In tal modo l'inculturazione della fede non può prescindere
dall'incontro con le religioni, che dovrebbe realizzarsi soprattutto
attraverso il dialogo interreligioso.
(1) Cf. COMMISSIO THEOLOGICA INTERNATIONALIS, 'Fides et
inculturatio', c.
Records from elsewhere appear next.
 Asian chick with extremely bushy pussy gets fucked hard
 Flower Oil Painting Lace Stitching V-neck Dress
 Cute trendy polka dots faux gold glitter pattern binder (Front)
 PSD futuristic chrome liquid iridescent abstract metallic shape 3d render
III, 10; cf. 'Gregorianum' 70 (1989), 640.
II- LA RIVELAZIONE CRISTIANA
II.1. L'INIZIATIVA
DEL PADRE NELLA SALVEZZA
28. Soltanto
alla luce del piano divino di salvezza degli uomini, che non
conosce frontiere di popoli né di razze,
ha un senso affrontare il problema della teologia delle religioni.
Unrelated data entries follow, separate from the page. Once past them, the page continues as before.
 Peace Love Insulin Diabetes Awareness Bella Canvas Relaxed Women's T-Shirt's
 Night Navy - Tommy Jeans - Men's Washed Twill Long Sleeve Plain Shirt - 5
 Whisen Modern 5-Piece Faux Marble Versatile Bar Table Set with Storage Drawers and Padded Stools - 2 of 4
Il Dio che vuole salvare tutti è il Padre del nostro Signore
Gesù
Cristo.
Il piano di salvezza
in Cristo precede la creazione del mondo (cf. Ef 1,3-10) e si realizza
con l'invio di Gesù al mondo,
prova dell'amore infinito e della tenerezza che il Padre ha per l'umanità (cf.
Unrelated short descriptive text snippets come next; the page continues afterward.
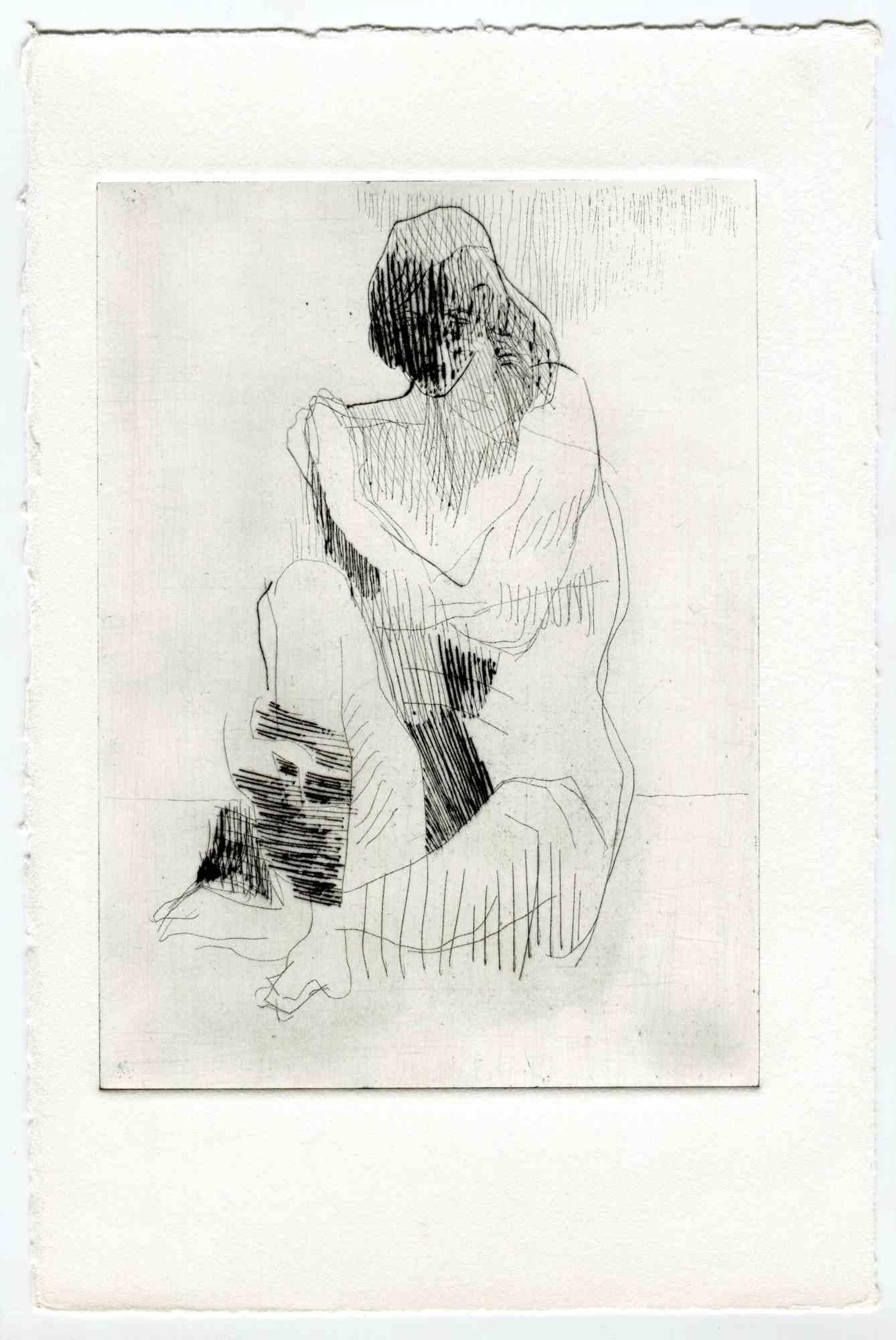 Two Faces Nude - Original Etching and Drypoint - Mid-20th Century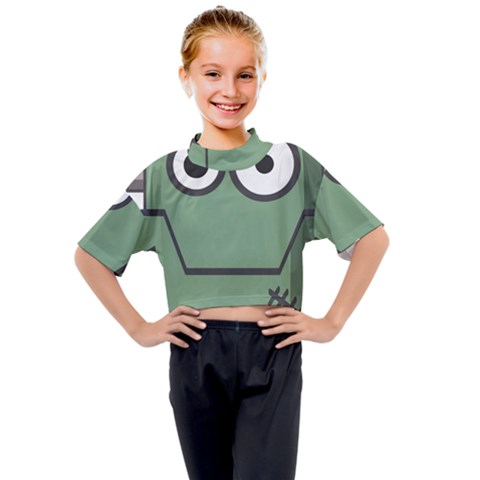 Cartoon-cute-frankenstein-halloween Kids Mock Neck Tee by 99art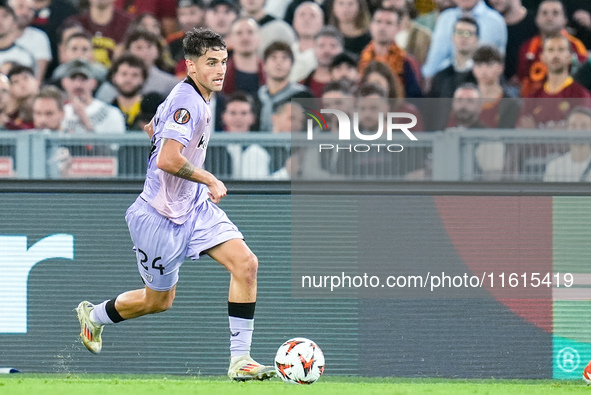 Benat Prados of Athletic Club during the UEFA Europa League 2024/25 League Phase MD1 match between AS Roma and Athletic Club at Stadio Olimp...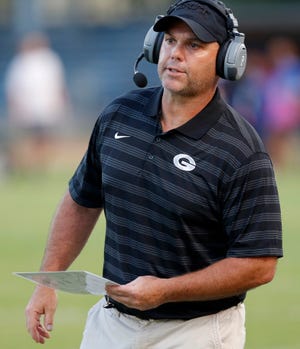 Guthrie head coach Kelly Beeby in 2015. After a tumultuous 2019 campaign, Beeby says the Bluejays are prepared for a successful 2020 season. [Doug Hoke, The Oklahoman]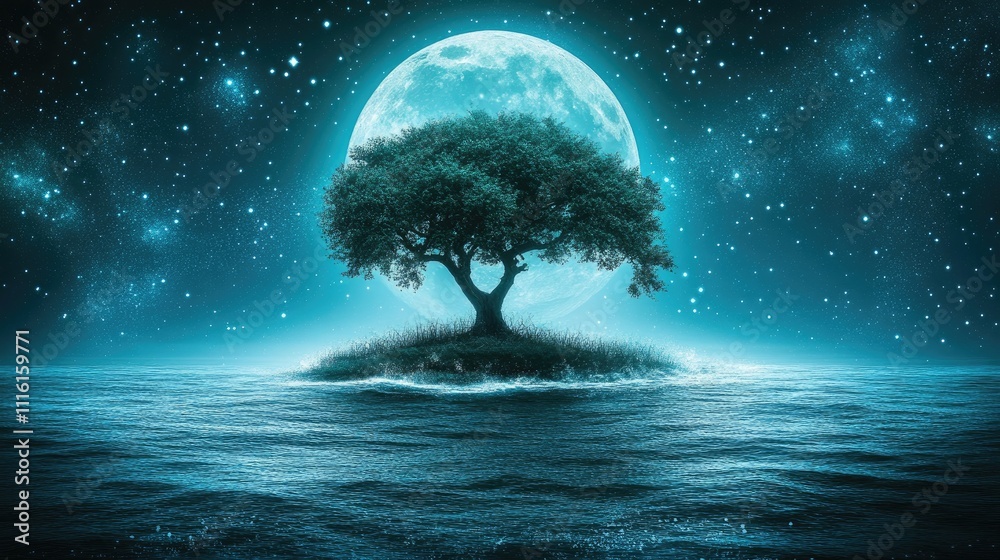 Poster majestic full moon illuminating a tranquil night sky with a solitary tree on calm waters creating a 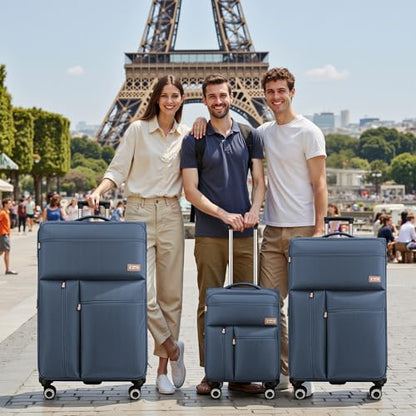 3-Piece Luggage Set(20/26/30in)-Expandable Luggage Set - color: Navy, size: 3-Piece Set (20"/26"/30")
Gv 3,16-17; 1Gv 4,9-10, ecc.). Questo amore di Dio arriva fino alla "consegna" di
Cristo alla morte per la salvezza degli uomini e per la riconciliazione
del mondo (cf. Rm 5,8-11; 8,3.32; 2Cor 5,18-19, ecc.). La paternità di
Dio, che generalmente nel Nuovo Testamento è messa in relazione
con la fede in Gesù, si apre a prospettive più ampie
in alcuni passi (cf. Ef 3,14-15; 4,6). Dio è il Dio degli
ebrei e dei gentili (cf. Rm 3,29); la salvezza di Dio, che è in
Gesù, viene rivolta a tutte le nazioni (cf. Lc 2,30; 3,6;
At 28,28).
29. L'iniziativa del Padre nella salvezza è affermata in 1Gv
4,14:
"Il Padre ha mandato il suo Figlio come salvatore del mondo".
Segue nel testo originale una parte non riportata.